Recorded data

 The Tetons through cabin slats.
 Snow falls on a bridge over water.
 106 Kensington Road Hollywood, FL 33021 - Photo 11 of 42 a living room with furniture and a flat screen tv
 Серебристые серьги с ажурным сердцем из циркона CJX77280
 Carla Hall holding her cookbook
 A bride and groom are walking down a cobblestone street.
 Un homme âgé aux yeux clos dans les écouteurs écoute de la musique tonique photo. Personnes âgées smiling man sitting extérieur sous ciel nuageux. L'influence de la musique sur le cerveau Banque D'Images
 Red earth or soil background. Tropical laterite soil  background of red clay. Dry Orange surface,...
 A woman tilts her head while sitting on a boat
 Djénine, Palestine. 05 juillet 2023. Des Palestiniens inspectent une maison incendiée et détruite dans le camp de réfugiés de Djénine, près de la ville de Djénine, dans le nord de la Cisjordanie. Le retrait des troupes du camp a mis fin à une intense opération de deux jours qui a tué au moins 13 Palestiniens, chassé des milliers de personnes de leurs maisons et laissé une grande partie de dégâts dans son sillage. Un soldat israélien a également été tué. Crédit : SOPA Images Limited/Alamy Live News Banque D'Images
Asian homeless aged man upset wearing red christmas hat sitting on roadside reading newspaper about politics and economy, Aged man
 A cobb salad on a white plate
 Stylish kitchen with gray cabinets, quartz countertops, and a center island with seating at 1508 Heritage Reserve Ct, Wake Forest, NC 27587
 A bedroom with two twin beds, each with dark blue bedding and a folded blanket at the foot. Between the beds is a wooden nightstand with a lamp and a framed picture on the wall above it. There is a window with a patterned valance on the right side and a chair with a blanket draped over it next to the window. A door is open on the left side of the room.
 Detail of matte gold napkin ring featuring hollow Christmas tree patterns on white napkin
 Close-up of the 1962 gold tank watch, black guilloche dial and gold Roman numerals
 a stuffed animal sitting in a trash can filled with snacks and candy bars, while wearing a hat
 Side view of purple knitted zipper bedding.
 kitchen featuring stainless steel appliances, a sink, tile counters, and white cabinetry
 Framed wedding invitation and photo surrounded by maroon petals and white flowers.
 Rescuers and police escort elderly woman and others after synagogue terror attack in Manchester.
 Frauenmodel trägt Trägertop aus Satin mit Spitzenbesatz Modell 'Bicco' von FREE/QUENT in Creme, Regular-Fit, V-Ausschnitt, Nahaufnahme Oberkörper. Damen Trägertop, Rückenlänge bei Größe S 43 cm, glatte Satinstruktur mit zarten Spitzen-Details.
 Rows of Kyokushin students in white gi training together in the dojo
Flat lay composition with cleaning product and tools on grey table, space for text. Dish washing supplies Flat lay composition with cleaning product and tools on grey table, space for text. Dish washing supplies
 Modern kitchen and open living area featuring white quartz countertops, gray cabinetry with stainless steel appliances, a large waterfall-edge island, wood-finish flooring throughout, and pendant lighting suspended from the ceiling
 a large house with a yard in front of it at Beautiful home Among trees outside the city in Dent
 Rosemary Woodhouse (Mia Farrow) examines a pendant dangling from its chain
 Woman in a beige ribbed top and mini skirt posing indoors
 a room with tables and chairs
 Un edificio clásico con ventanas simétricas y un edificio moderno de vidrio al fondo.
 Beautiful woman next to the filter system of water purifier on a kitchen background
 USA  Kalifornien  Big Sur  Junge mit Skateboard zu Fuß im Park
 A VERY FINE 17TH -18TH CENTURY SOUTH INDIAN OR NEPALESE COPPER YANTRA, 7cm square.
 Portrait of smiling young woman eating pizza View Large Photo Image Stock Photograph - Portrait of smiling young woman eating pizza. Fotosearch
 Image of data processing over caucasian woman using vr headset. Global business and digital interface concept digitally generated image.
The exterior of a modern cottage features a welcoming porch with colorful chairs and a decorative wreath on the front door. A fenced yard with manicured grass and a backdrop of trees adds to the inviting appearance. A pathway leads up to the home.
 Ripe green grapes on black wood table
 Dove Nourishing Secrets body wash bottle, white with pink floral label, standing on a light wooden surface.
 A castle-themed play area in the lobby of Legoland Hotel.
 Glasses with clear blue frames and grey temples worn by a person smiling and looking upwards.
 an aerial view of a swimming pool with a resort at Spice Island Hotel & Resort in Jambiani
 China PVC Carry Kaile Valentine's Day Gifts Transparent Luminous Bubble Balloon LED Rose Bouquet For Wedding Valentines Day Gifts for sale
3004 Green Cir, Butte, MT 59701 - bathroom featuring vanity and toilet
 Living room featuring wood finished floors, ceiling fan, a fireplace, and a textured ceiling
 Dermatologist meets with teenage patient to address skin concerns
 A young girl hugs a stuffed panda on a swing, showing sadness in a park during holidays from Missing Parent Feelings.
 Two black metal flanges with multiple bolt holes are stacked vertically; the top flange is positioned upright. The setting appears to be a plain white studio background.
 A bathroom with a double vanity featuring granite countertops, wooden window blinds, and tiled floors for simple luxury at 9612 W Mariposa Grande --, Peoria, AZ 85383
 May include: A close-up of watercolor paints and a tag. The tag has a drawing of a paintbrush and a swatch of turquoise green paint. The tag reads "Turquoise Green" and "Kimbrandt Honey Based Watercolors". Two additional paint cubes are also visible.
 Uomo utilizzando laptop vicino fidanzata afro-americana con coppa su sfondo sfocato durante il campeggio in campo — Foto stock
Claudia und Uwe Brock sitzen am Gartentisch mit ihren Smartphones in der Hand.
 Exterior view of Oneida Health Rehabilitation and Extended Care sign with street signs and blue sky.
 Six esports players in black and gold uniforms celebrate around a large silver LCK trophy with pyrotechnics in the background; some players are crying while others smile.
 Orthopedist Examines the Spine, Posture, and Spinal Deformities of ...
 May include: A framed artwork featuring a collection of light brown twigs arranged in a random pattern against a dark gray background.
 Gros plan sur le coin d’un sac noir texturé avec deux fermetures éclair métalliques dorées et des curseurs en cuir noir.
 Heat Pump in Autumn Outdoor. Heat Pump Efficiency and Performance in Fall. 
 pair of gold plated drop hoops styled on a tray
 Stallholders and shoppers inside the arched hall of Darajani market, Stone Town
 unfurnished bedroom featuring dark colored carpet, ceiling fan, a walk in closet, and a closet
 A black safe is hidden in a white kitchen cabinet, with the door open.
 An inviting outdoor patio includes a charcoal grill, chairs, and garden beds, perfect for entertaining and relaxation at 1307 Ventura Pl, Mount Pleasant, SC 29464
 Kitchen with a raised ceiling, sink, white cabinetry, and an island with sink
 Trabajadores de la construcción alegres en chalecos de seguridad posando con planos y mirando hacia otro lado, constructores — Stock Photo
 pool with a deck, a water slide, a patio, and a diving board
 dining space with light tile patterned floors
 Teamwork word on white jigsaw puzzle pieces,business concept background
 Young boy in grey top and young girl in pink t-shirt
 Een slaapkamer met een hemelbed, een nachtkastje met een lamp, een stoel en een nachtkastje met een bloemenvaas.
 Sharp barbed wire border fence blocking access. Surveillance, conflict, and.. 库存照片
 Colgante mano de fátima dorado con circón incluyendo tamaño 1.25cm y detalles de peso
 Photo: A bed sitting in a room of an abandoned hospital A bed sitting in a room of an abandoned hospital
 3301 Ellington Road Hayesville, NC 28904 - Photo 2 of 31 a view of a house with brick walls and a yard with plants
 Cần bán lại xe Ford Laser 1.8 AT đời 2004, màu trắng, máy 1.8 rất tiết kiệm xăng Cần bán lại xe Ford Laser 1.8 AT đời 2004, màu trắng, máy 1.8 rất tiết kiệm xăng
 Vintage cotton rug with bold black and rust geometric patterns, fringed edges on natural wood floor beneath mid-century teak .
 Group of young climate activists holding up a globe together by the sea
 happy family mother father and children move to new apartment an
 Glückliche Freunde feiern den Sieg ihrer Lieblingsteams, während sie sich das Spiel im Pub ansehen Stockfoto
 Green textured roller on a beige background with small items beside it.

*Problem description*.
Take every line from the data that contains the word "business".

*Solution for this task*.
 Image of data processing over caucasian woman using vr headset. Global business and digital interface concept digitally generated image.
 Teamwork word on white jigsaw puzzle pieces,business concept background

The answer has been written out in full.